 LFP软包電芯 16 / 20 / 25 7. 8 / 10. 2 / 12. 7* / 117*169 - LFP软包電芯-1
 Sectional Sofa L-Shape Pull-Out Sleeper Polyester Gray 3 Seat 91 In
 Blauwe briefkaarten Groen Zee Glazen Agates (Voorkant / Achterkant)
____________________
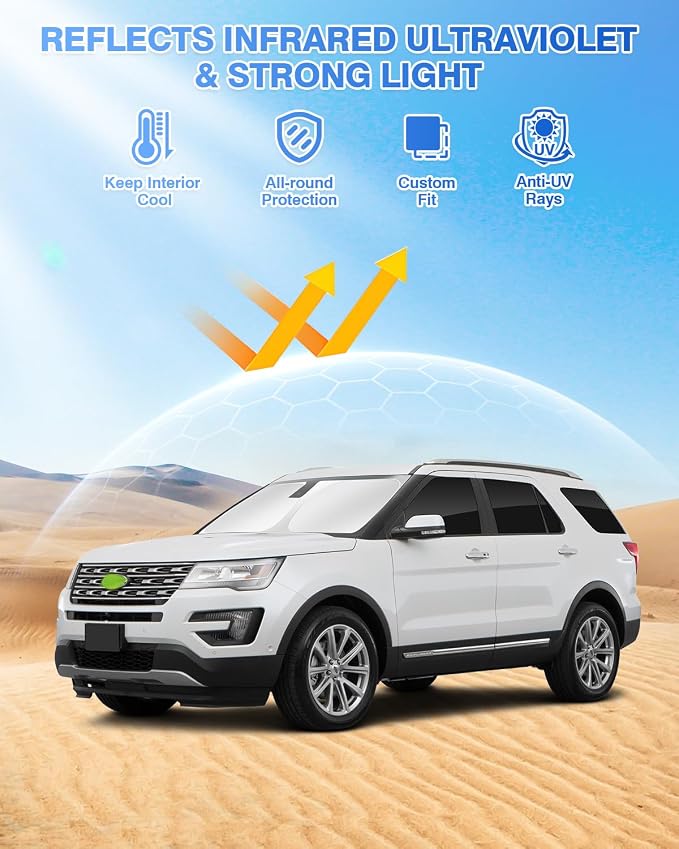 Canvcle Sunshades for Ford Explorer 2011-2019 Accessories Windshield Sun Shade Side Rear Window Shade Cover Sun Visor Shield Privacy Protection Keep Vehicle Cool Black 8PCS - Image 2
____________________
• Your goal: Look above for the line holding "Sectional Sofa L-Shape" and the line holding "Blauwe briefkaarten Groen", then output exactly those two lines and every line between them, nothing more.

• Solution to the problem:
 Sectional Sofa L-Shape Pull-Out Sleeper Polyester Gray 3 Seat 91 In
 Blauwe briefkaarten Groen Zee Glazen Agates (Voorkant / Achterkant)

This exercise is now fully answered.